- [The task]: Output every record verbatim, and omit each picture.

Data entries
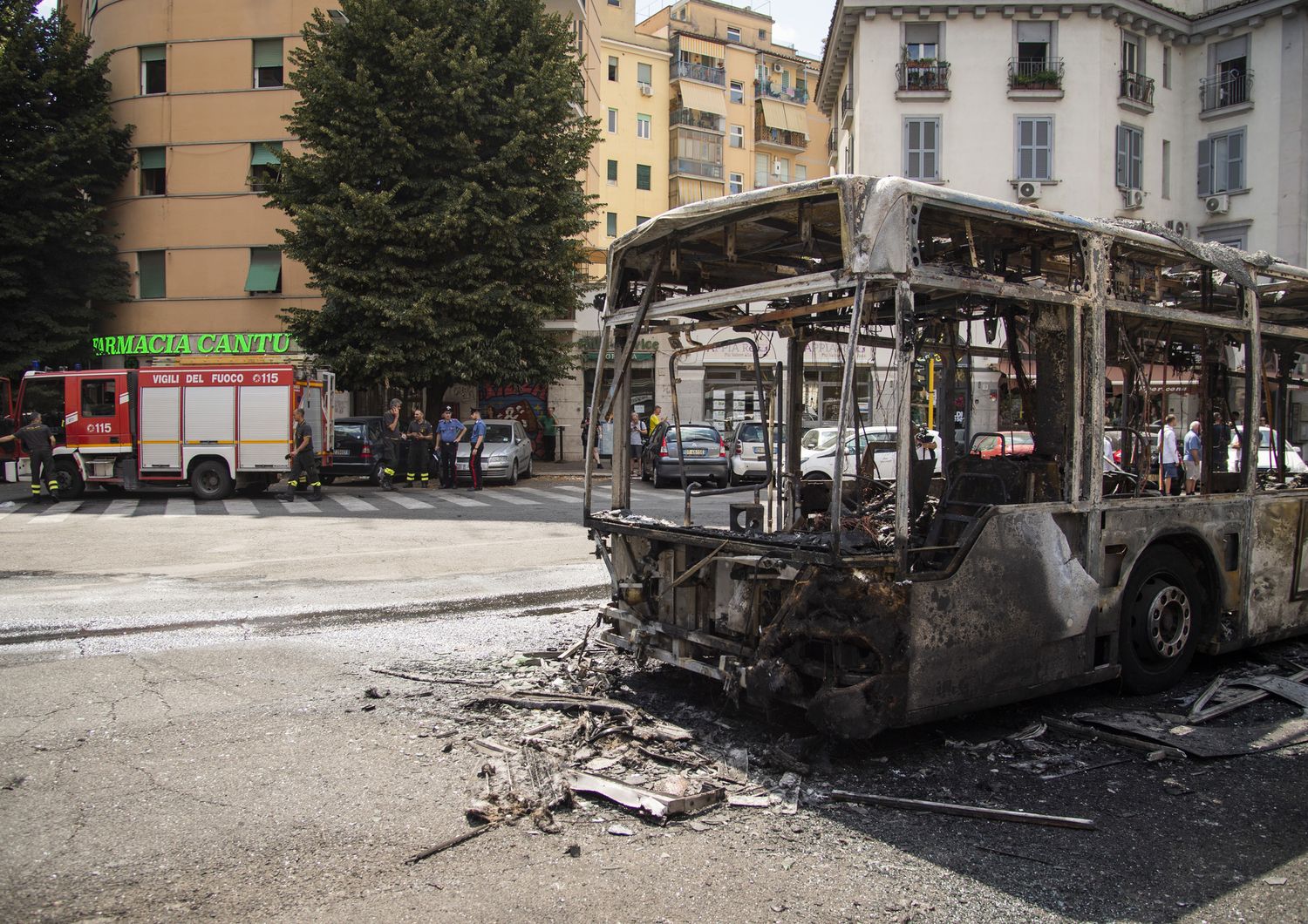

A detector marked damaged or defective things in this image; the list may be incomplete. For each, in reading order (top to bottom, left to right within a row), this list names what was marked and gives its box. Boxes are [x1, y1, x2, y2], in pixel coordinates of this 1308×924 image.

burned-out bus [589, 174, 1308, 732]
charred metal frame [589, 176, 1308, 736]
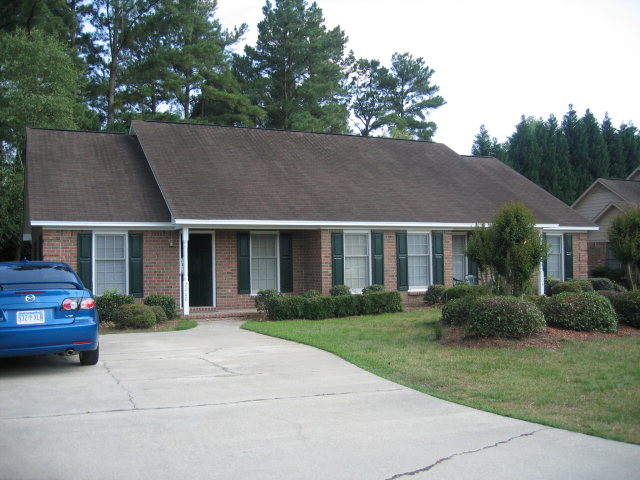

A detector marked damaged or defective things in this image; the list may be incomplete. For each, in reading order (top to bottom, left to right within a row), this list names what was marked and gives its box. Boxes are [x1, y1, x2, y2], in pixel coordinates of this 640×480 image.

crack in driveway [384, 430, 552, 478]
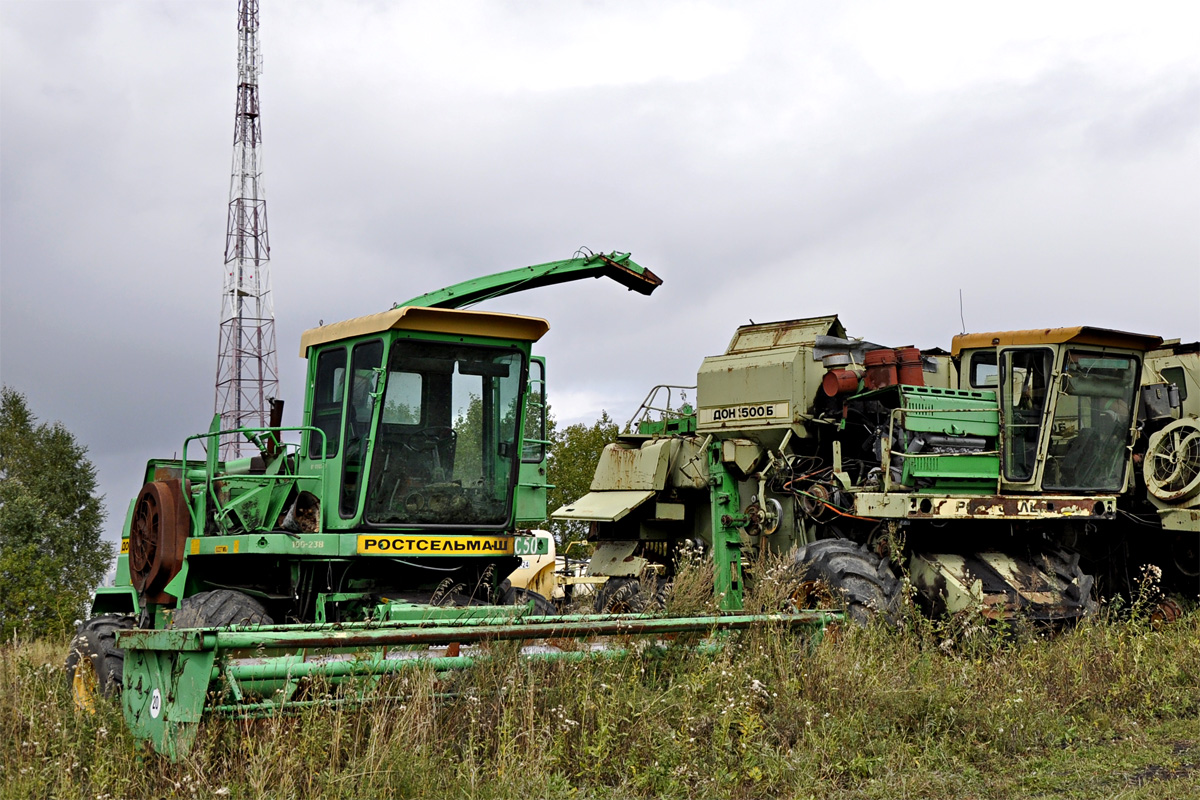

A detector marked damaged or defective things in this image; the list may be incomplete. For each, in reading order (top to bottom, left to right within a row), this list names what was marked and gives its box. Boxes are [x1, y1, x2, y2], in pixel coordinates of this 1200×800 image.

- [Response to this task]:
A detector marked damaged or defective things in this image; the list may be incomplete. For each, in reading order (top to bottom, left to right within a row), this list names what was marked and gives its box. Boxes are [x1, y1, x2, y2], in pixel coordinates of this 1308×924 image.

burned-out bus [589, 174, 1308, 732]
charred metal frame [589, 176, 1308, 736]

A detector marked damaged or defective things in this image; the list may be incomplete. For each, in reading order (top to bottom, left to right within a row), this list names what was marked and gives its box. Boxes are [x1, y1, x2, y2], in pixel coordinates of this 640×480 image.

crack in driveway [384, 430, 552, 478]

A detector marked damaged or defective things in this image; the list may be incomplete. For each, in reading order (top to bottom, left to right within a row), this list names what was marked and gives its box. Boxes are [x1, y1, x2, y2], in pixel coordinates of this 1200×800 image.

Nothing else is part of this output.